### WORK INSTRUCTIONS
In the records below, find the line holding "Sealine C330 Motor"; copy it and every line after it to the end, omitting all images.

== Segment start ==

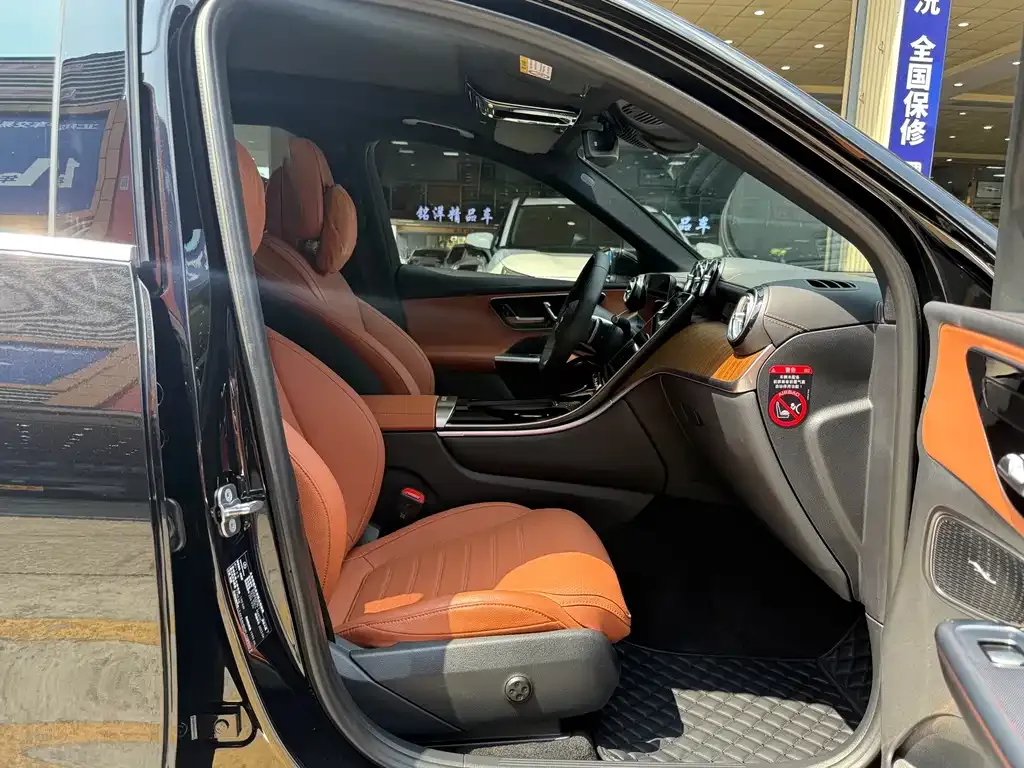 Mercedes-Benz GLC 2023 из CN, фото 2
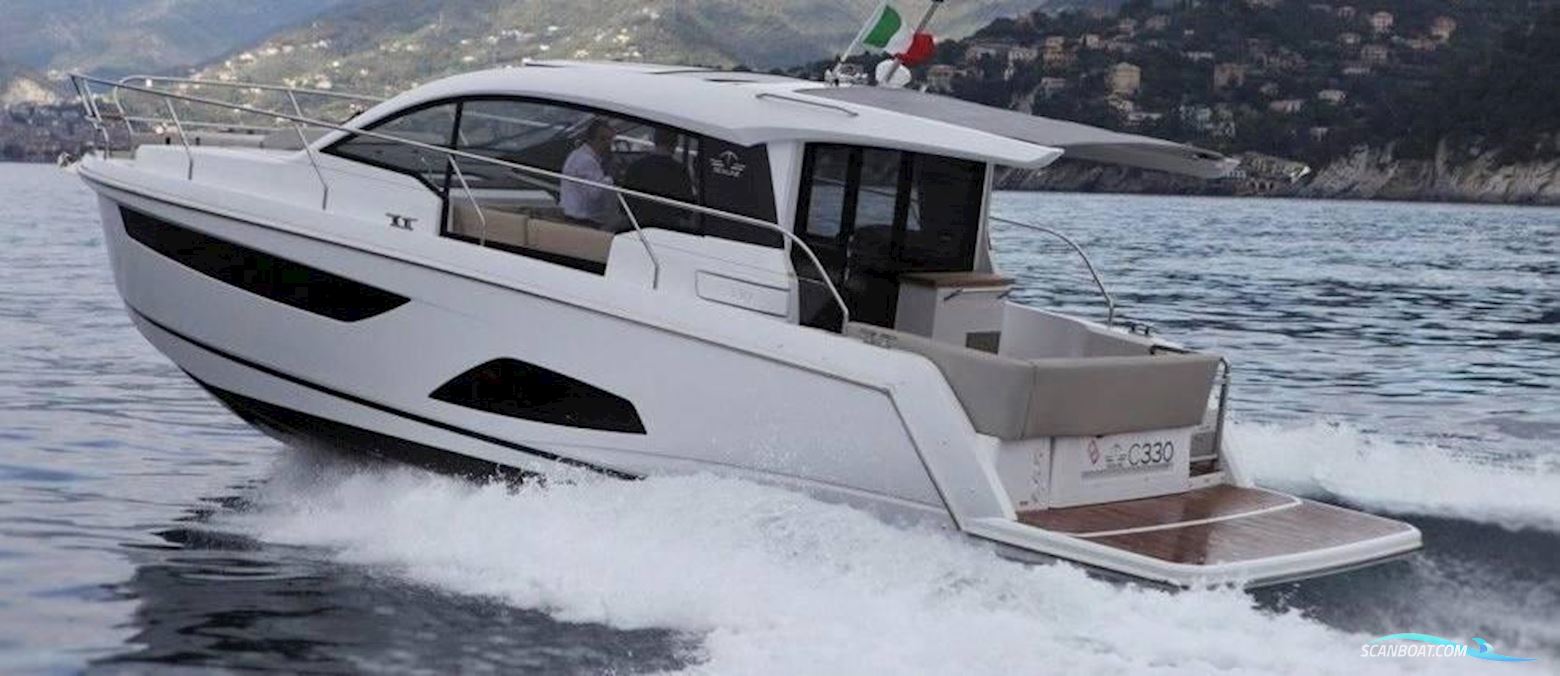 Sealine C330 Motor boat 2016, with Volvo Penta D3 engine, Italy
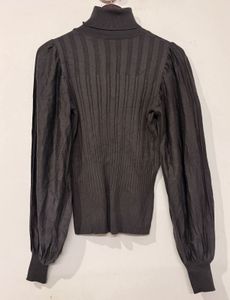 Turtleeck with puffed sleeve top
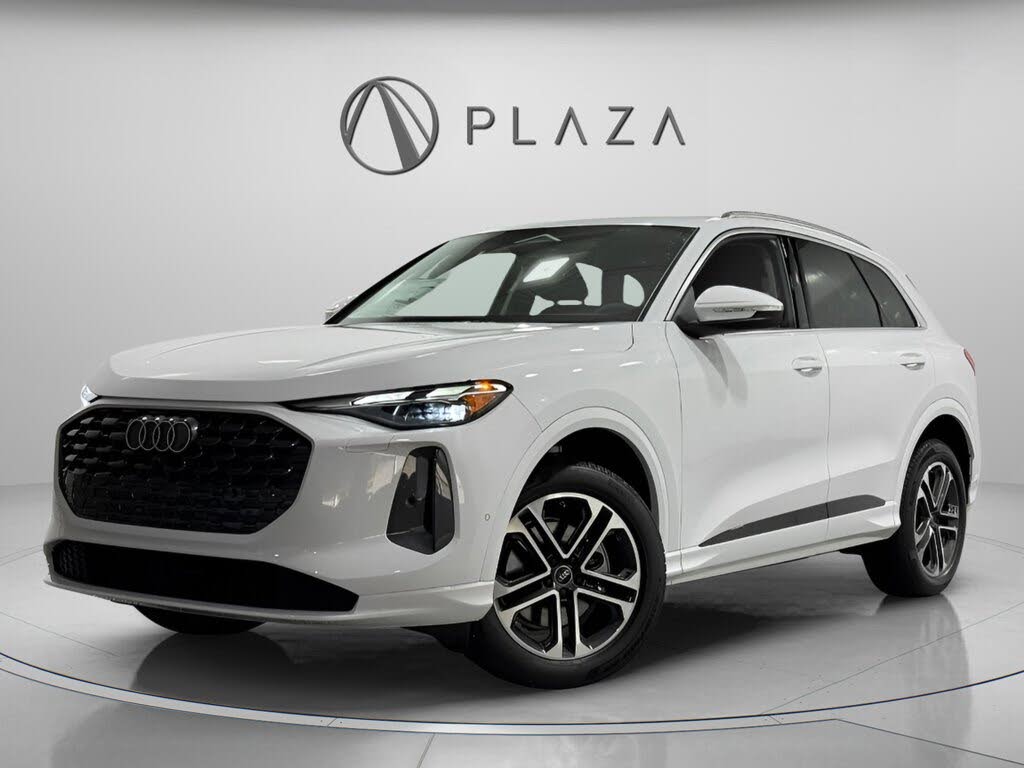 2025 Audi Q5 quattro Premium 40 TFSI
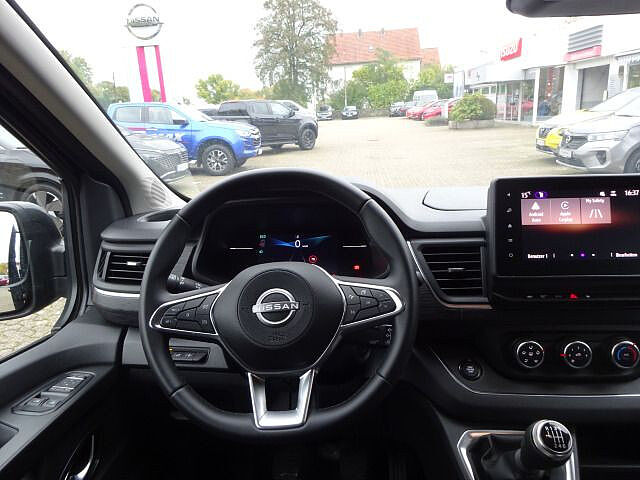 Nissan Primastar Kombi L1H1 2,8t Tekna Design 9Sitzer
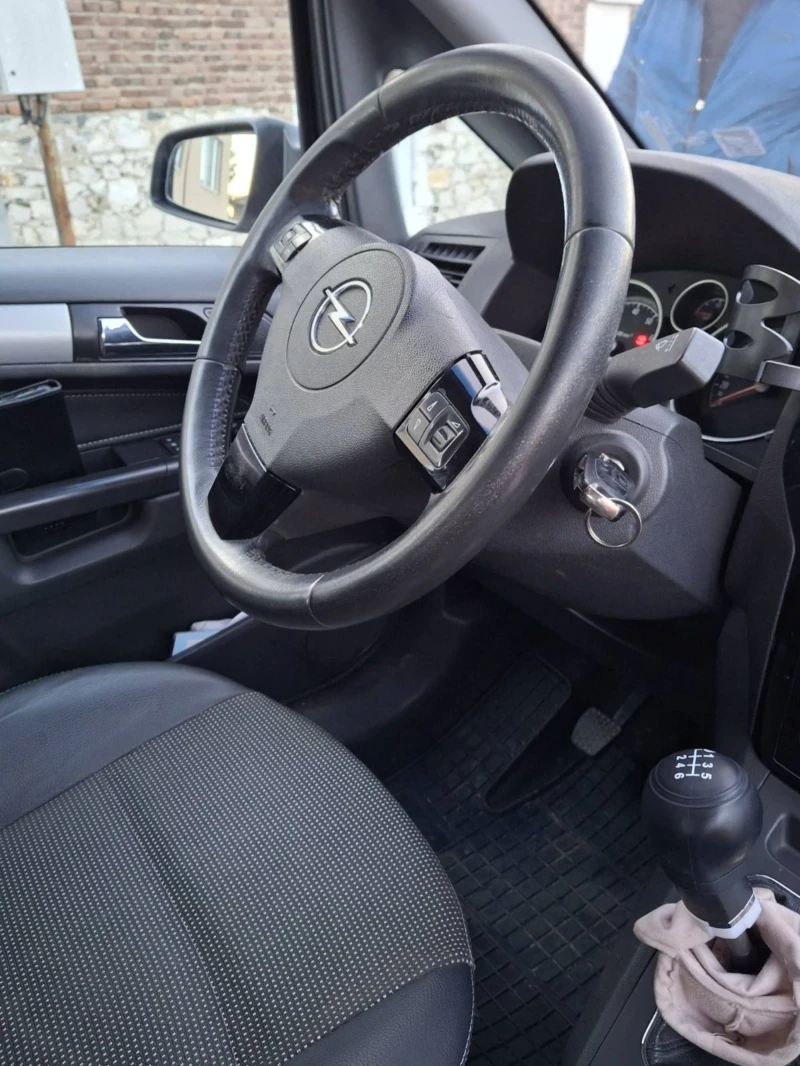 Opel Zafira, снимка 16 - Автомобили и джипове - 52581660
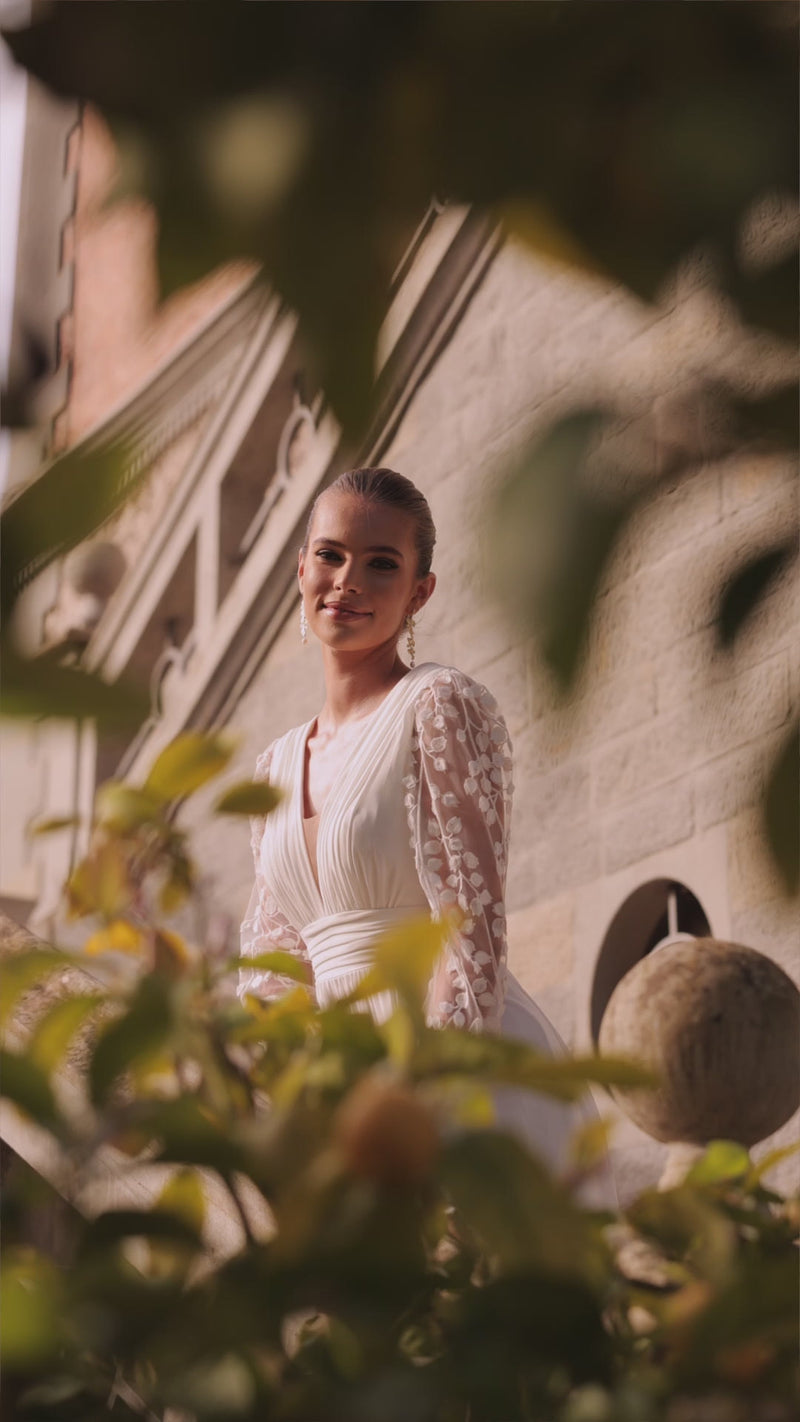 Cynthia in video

== Segment end ==

### WRITTEN RESPONSE
 Sealine C330 Motor boat 2016, with Volvo Penta D3 engine, Italy
 Turtleeck with puffed sleeve top
 2025 Audi Q5 quattro Premium 40 TFSI
 Nissan Primastar Kombi L1H1 2,8t Tekna Design 9Sitzer
 Opel Zafira, снимка 16 - Автомобили и джипове - 52581660
 Cynthia in video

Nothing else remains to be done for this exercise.